Une jeune femme revient dans sa campagne pour revendre une maison héritée située à coté d'un gîte pour écrivain. On oscille entre comédie sociale et romantique. Frears arrive à développer plusieurs personnages sans nous perdre. La campagne anglaise est belle comme l'héroine (du film). On rigole et on refléchit aussi. Bon film.
Une comédie british décevante. Le synopsis me paraissait pas mal mais on rigole très peu alors qu’il y avait vraiment un fort potentiel. Ca se laisse regarder mais le film sera vite oublié.
C'est assez decevant et très superficiel en tout. Parfois cela peut-être bien la superficialité mais ici elle est juste ennuyeuse,. Le nez de Tamara drew n'est pas celui de Cléopatre et le ballet des mâles britaniques en rut autour est vite lassant.
Sous son apparente légèreté et son humour, ce film de Stephen Frears s'avère assez acerbe chaque personnage étant particulièrement hypocrite.

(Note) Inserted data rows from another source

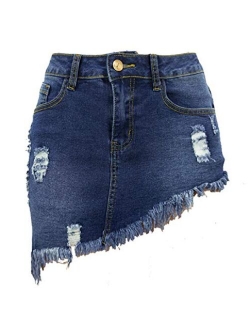 Women's Stretch Fit 5-Pocket Irregular Frayed Hem Mini Denim Jean Skirt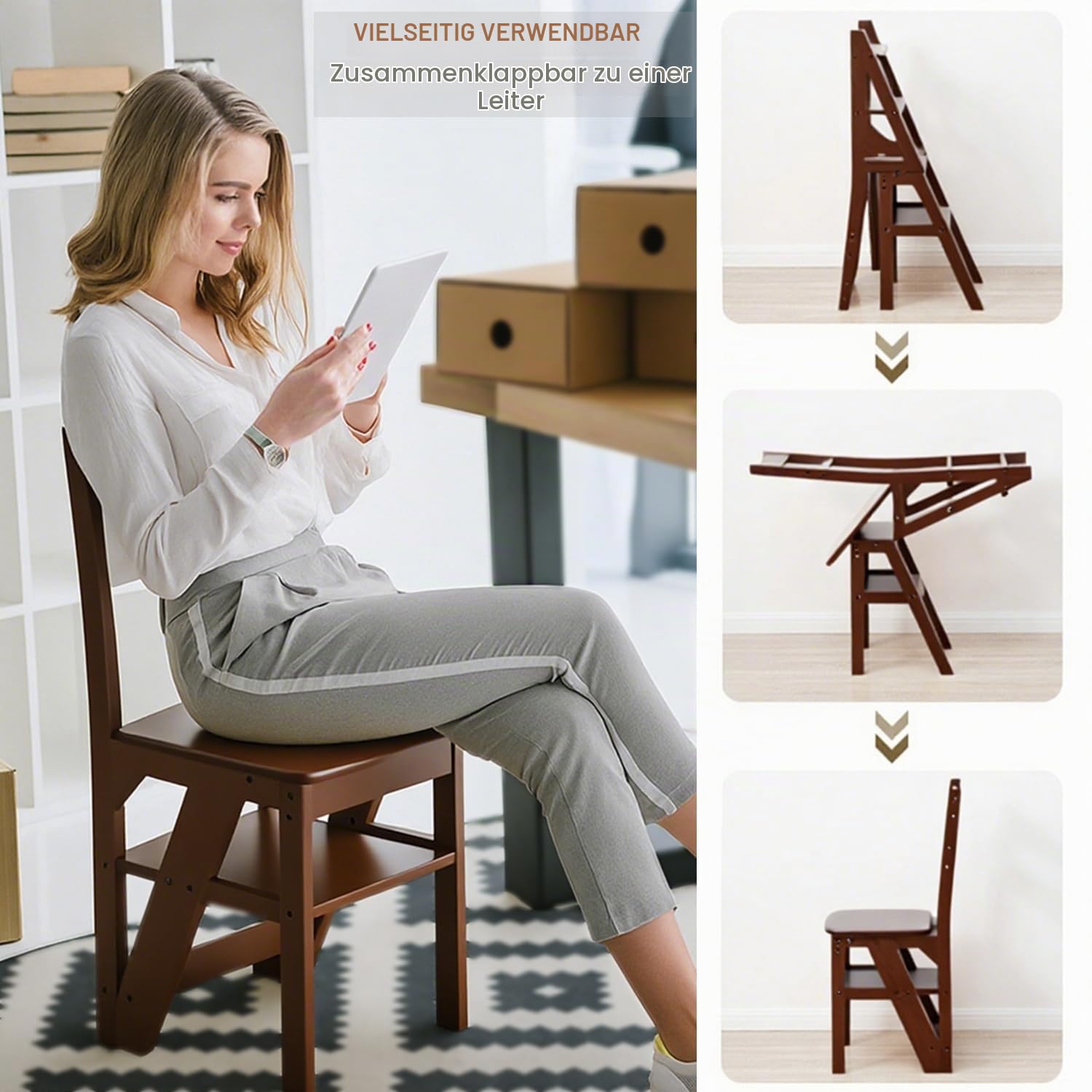 Massivholz 3-in-1 Klappleiter-Stuhl, umwandelbarer Trittstuhl & Ausstellregal, 4-stufige Multifunktionsleiter, doppelte Verwendung für Zuhause, Küche, Bibliothek (Walnussfarbe, 46)
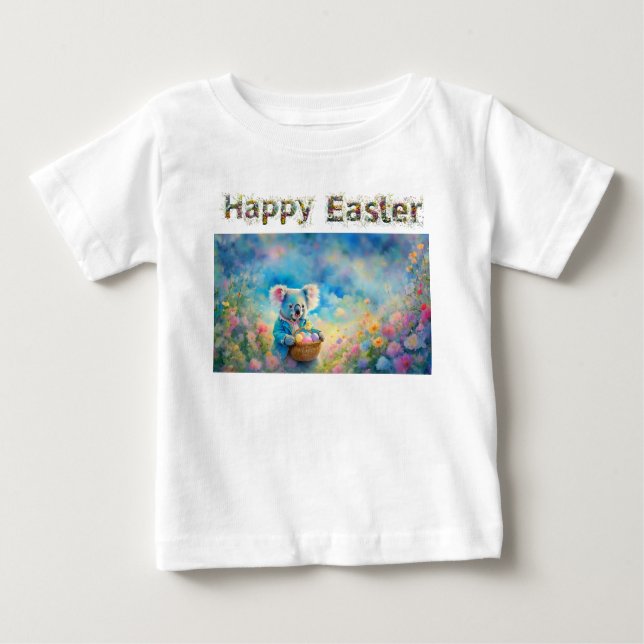 Koala bear holding a basket of Easter eggs Baby T-Shirt (Front)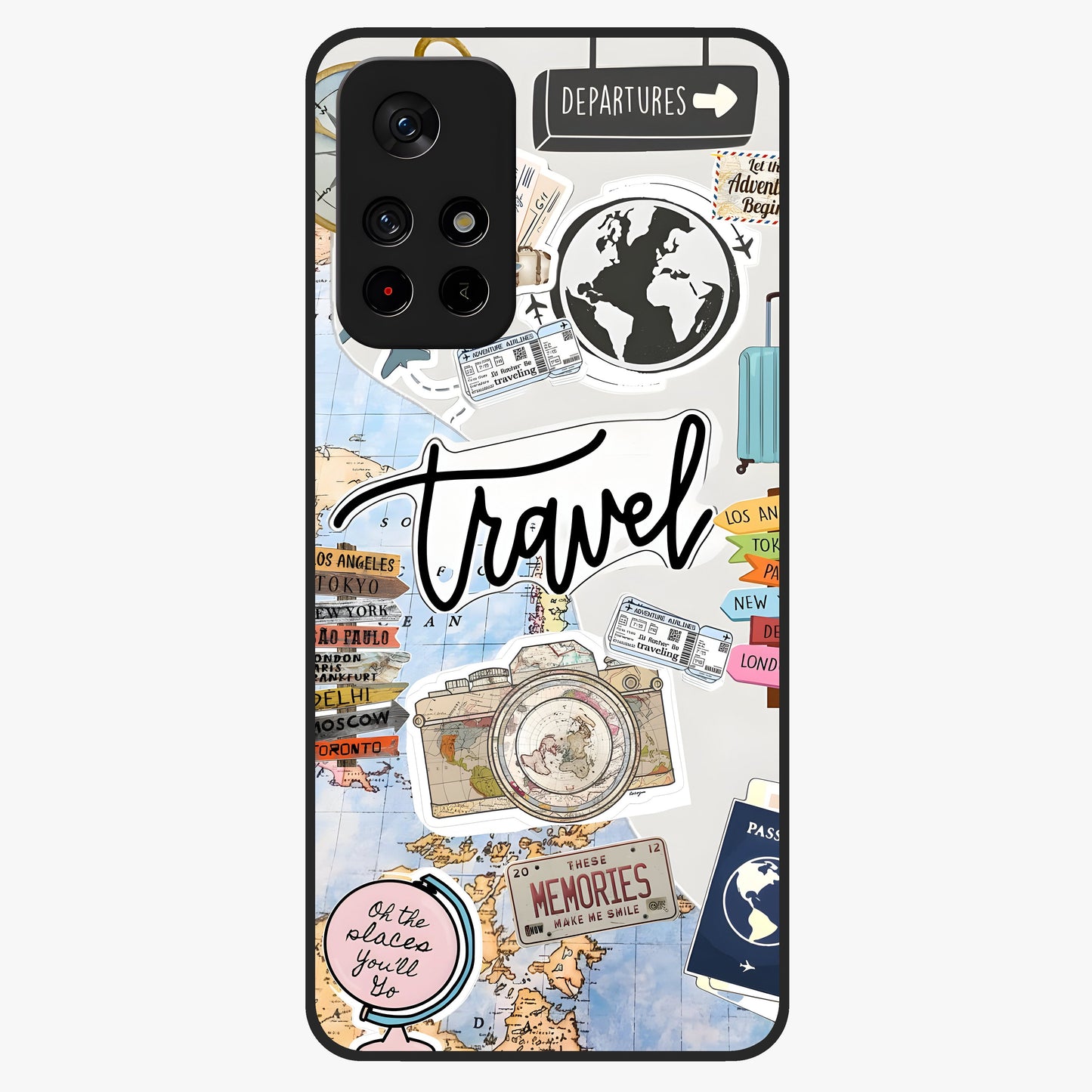 Wanderlust Journal Glass Case upright view showcasing wanderlust inspired artwork with creative exploration theme.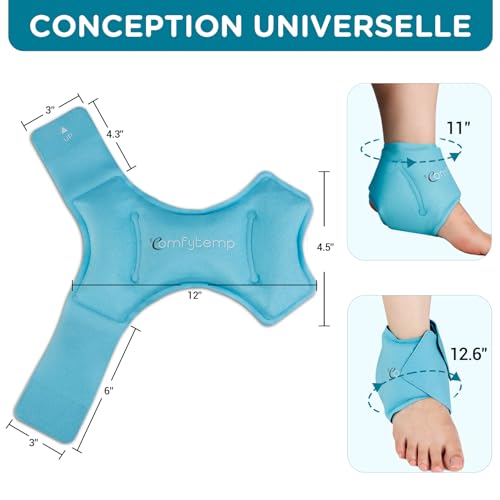 Detalle de Comfytemp 2 Unités Poche de Glace pour le Gonflement de Cheville, Chaud/Froid — Soulagement et Compression Réutilisables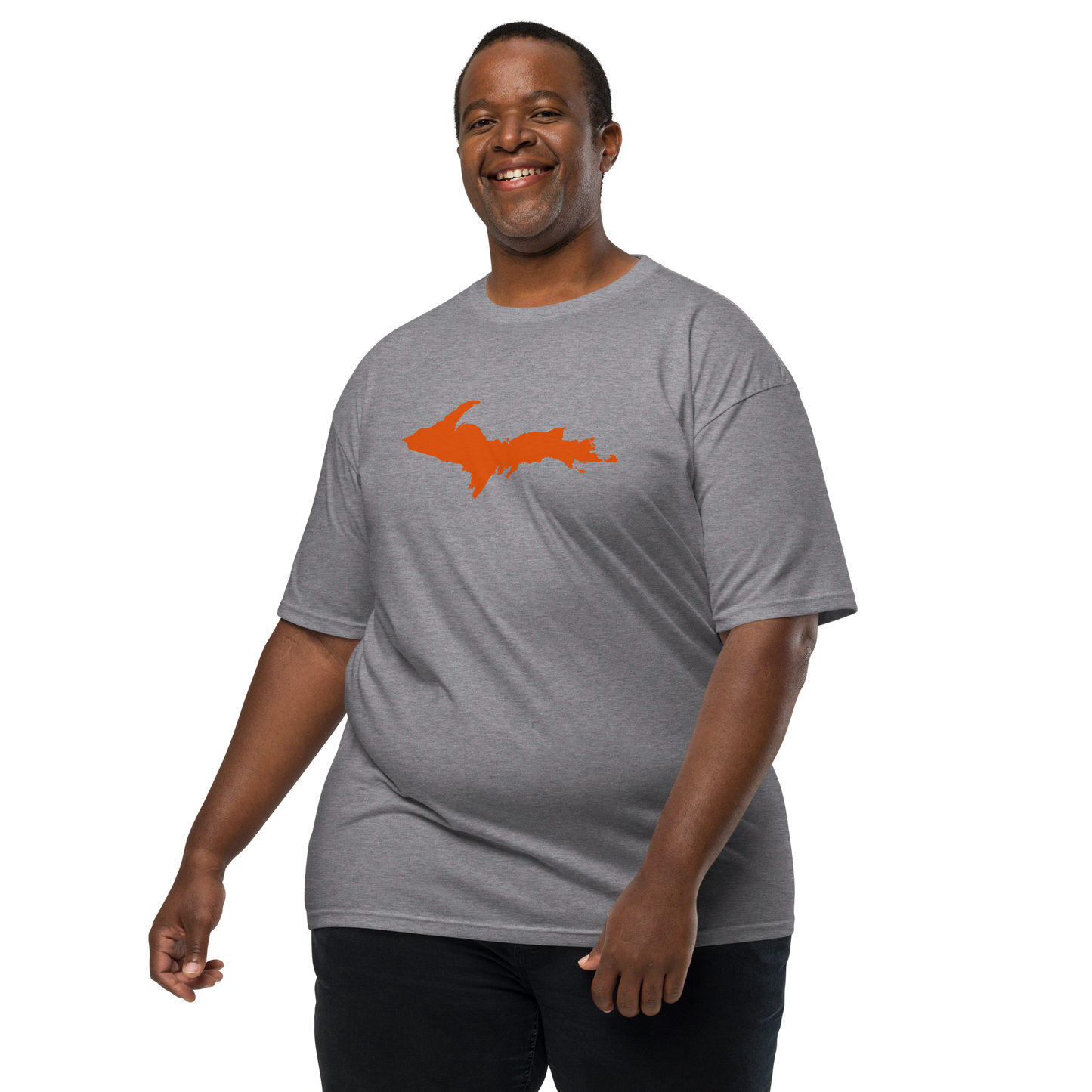 Michigan Upper Peninsula T-Shirt (w/ Orange Outline) | Men's Heavyweight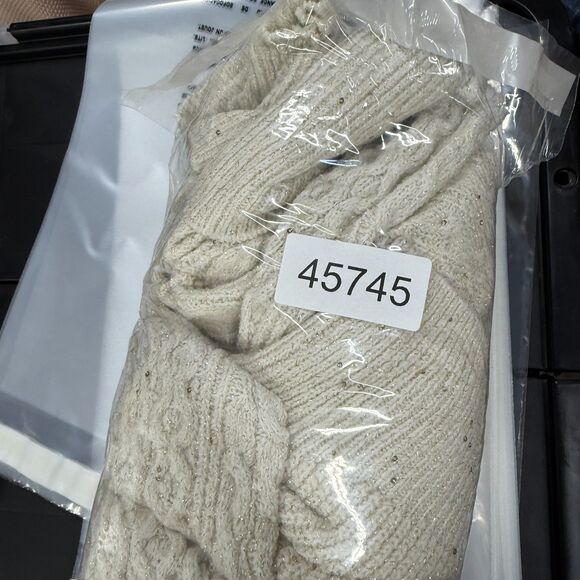 Sofia Sweater Pullover Women XL Gray Knit Sequin Turtleneck Long Sleeve Casual - Picture 7 of 7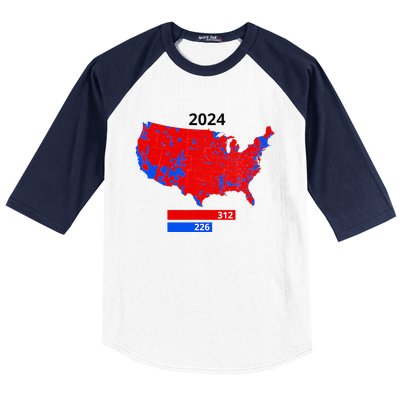 2024 Electoral Map Trump 312 Red 2024 Election Results Map Baseball Sleeve Shirt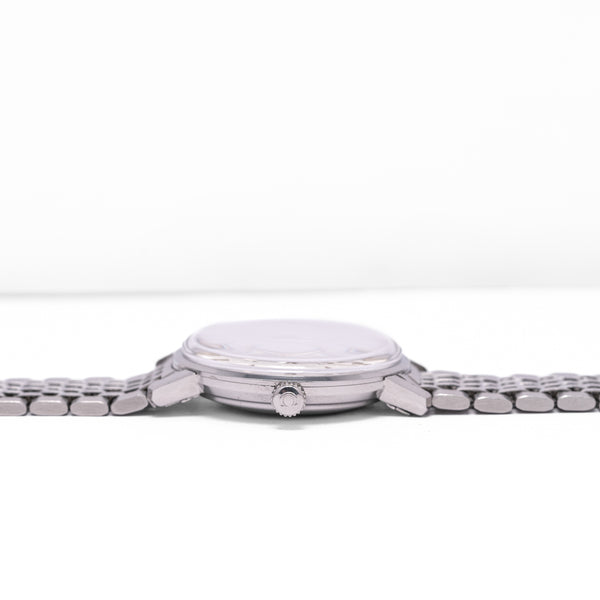 1967 Omega Seamaster Automatic De Ville Linen Dial Model 165.020 Cal 552 on Flat Beads of Rice Bracelet
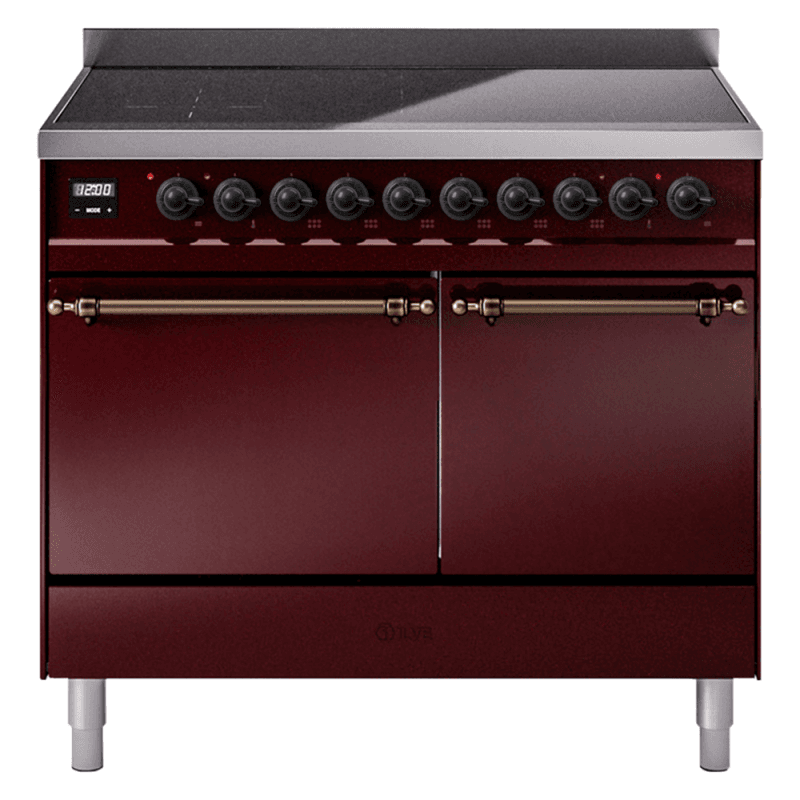 Nostalgie II 40 UPDI406QNMPBUB Freestanding Electric Range Range with Induction Double Oven with Solid Door with Bronze knobs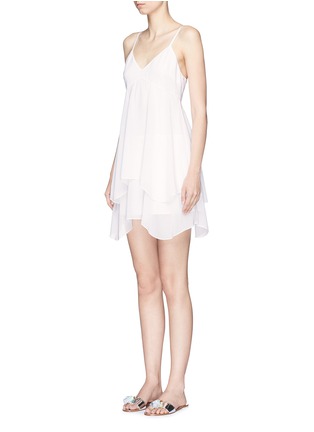 Front View - Click To Enlarge - ALICE & OLIVIA - 'Delilah' tiered silk crepe dress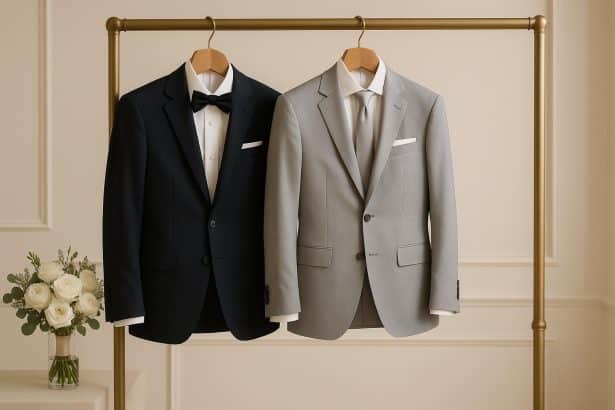 Stylish groom in a tailored wedding suit showcasing modern trends and elegant menswear details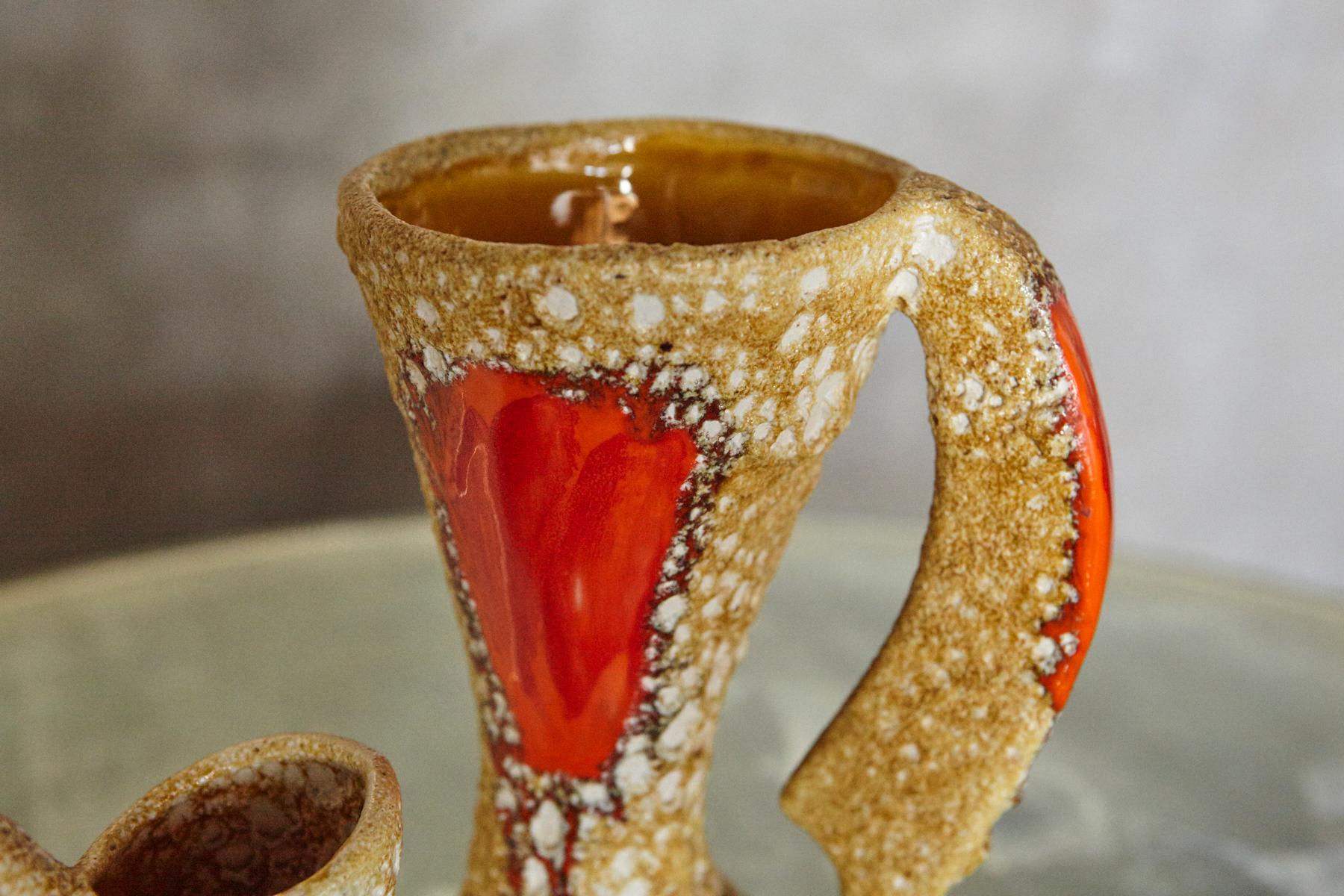 Coppia di vasi in ceramica a lava grassa in stile Vallauris con smalto arancione in vendita 7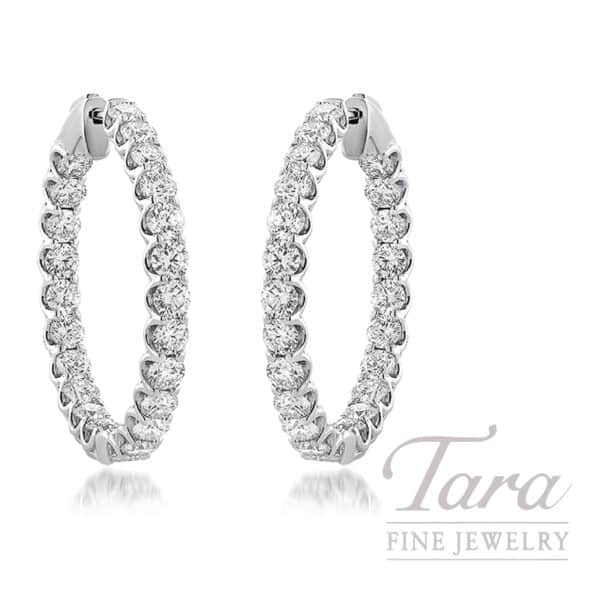 14K White Gold Diamond Eternity Hoop Earrings, 5.00TDW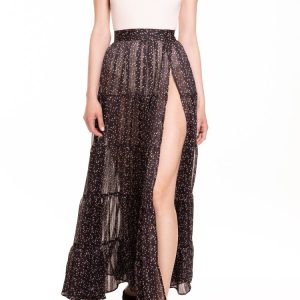 Maxi portafoglio con balze beachwear nero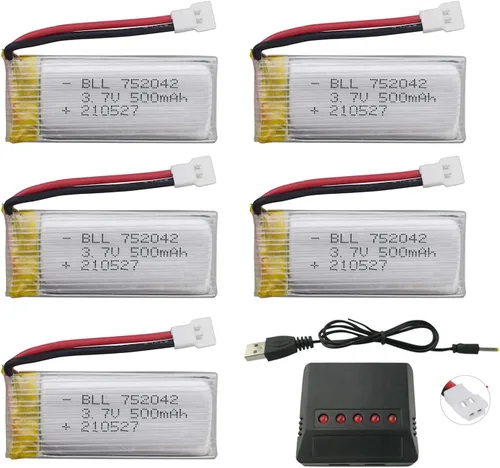 5 unidades 3.7 V 500 mAh batería y cargador 5 en 1 para JJRC H31 H37 H6D Hubsan X4 H107C H107D H107L H107P H108 JXD392 JXD388 JXD385 UDI U816A SYMA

Satirique sans sombrer dans la caricature, le ton est mordant et très efficace.
Si Frears s'y entend pour brosser une galerie de personnages, on l'a déjà vu bien plus maître de son sujet et bien plus mordant que dans cette comédie dramatique aux accents convenus. J'ignore si le roman graphique est vraiment respecté, mais en tout cas c'est une enfilade de caricatures à laquelle le casting apporte quand même une certaine épaisseur. Le film dispose avant tout de deux atouts: le charme évident de Gemma Arterton très mis en avant ajouté à celui de la campagne anglaise, et une partie finale (la dernière demi-heure) qui fait vriller l'histoire et lui donne du relief, en balance avec le démarrage aux allures de long pensum.
Ah ! Ce cher Monsieur Frears et son talent lié à une mise en scène au classicisme anglais si prononcé. Il arrive ainsi au travers une histoire somme toute moderne à porter une narration très marquée d’une emprunte anglo-saxonne. Savant mélange de comédie britannique et de touches dramatiques finement parsemées, Tamara Drewe se veut une ode légère et quasi théâtrale. Loin de Shakespeare bien sûr mais enveloppé d’une structure d’un film choral, le réalisateur joue habillement de ses personnages et de leur rôle. Il arrive à nous imposer ses différents entrelacs de différentes formes et couleurs, temporalité malléable, relation à saute-mouton, retournement de situations cocasses et (plus au moins) inattendues. Le casting plus réfléchit ne donne pas la part importante à un seul comédien mais à un ensemble qui résonne d’une crédibilité posée. On se laisse donc porter, voir surprendre, par la vie de ce petit village Londonien aux remous tant impossibles qu’ils en deviennent un plaisir.
Comédie aux rebondissement parfaitement rythmés, "Tamara Drewe" est un ravissement permanent et l'un des films les plus légers de Frears. Cette légèreté n'a pas pourtant rien d'inepte mais tient plutôt d'un bon champagne, dont on dirait que c'est un vin léger. De l'époux infidèle, queutard impénitent, au jeune musicien soulé par son succès, de la midinette insupportable prête à tout pour animer son village endormi, à l'écrivain raté en panne d'inspiration, le cinéaste fait le portrait de personnages vivants et souvent truculents sans tomber dans la caricature. Quant à la Tamara du titre, elle est tout simplement délicieuse, tout comme la campagne anglaise.